What about net-based deployment? What if proc no longer end up living in files, but somewhere in repositories (in files, databases, or whatever someone else decides)? Ever thought of generalizing arrays as repositories for procs? It's one way in which the Tequila shared global array server has been evolving.

What about the granularity of versioning? Do you want to track an entire app, with all the package versions it is known to work with? Or single procs, which are just plain handy to tweak and re-used all over the place? And what if it fails, to what level does one revert?

And here's a new issue I ran into, which prompted this page in fact. There are now several versions of the MD5 algorithm. In Tcl, in Trf, in critlib, and there used to be one in TclKit. They are not identical, but as so often a combination of trade-offs and different coding styles. What does one do to use MD5 with maximum flexibility in allowing users to determine what code base they are combining. Some might not have a compiled version, others might already be using a specific one. Unfortunately, "package require <name?> <version?>" does not solve it.
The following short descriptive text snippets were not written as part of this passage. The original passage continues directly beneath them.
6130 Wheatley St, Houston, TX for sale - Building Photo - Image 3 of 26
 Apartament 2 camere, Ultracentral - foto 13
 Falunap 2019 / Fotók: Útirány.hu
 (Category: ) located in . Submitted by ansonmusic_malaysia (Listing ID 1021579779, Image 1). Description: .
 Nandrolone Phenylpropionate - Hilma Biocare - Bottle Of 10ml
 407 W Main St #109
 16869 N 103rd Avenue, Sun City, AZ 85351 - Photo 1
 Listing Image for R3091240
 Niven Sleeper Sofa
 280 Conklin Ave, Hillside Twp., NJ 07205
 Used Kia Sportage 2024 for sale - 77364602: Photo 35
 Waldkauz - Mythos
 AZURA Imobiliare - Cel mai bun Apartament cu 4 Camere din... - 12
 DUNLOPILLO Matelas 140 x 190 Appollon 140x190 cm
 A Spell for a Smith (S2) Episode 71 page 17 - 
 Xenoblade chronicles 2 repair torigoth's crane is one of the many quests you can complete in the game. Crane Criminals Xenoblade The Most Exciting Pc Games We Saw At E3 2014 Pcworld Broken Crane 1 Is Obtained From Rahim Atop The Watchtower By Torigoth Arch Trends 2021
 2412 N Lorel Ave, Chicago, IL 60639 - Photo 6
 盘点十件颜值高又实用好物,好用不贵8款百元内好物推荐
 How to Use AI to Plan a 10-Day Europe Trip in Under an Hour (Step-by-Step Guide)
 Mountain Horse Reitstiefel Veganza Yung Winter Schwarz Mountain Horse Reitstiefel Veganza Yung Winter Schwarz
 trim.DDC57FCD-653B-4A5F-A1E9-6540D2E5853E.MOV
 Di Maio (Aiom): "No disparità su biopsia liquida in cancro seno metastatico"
One version may need a trivial wrapper to work like the other one. Who writes and maintains that wrapper, and where does it end up? What if someone else wrote a wrapper too? Is there a gently motivating structure in place to move towards synergy? Should there be? Can there be?

Another example of things that I find hard. I have a package A, version X. It works, but requires compilation. I have another package B, version Y, which tries to emulate A in pure Tcl. It's not perfect, but it runs anywhere, so for some cases it becomes the only option. A continues to evolve, so X increases while A probably remains compatible but gains more features. B continues to be improved, so it emulates A more and more (which X?). How does one number X and Y? But that's a detail compared to the naming issue: given that B emulates A, what names does one use for the namespaces and procs they define? In the end, the application wants to use A, and preferably never notice that there is a fallback B in place sometimes. The worst possible outcome would be that the application ends up with lots of special-cased calls.

It's not a trivial issue. Some functions may work fine, others may not work at all with the emulation mode. Either intentional / by design, or because the emulation is incomplete.

Who has a solution, which not just offers a way out to for the above - but also provides a broad context for all such issues? It seems to me that having all the package, auto_path, auto_index, namespace hierarchy in the world is - from this perspective - more of a hindrance than a help. Tcl has been around for ages, and huge projects have been built with it. But how?

-jcw


RS currently has this perspective:

  • Distinguish internal resources (what the interpreter has available already) from external (what's out in the world). Namespaces are internal, the rest refers to external.
  • auto_path is used for tclIndex and pkgIndex files. Simple, well-known
  • packages are the way to go for serious development (they already hide details like pure-Tcl/compiled extensions)
  • auto_index is a simple but sometimes dangerous facility. For years it has been described as deprecated in the Welch book, while packages are recommended
  • So I'd say: pack stuff in packages of same name as the namespace they go in. Install packages next to tcl/lib, so you don't have to worry about auto_path. Keep things simple.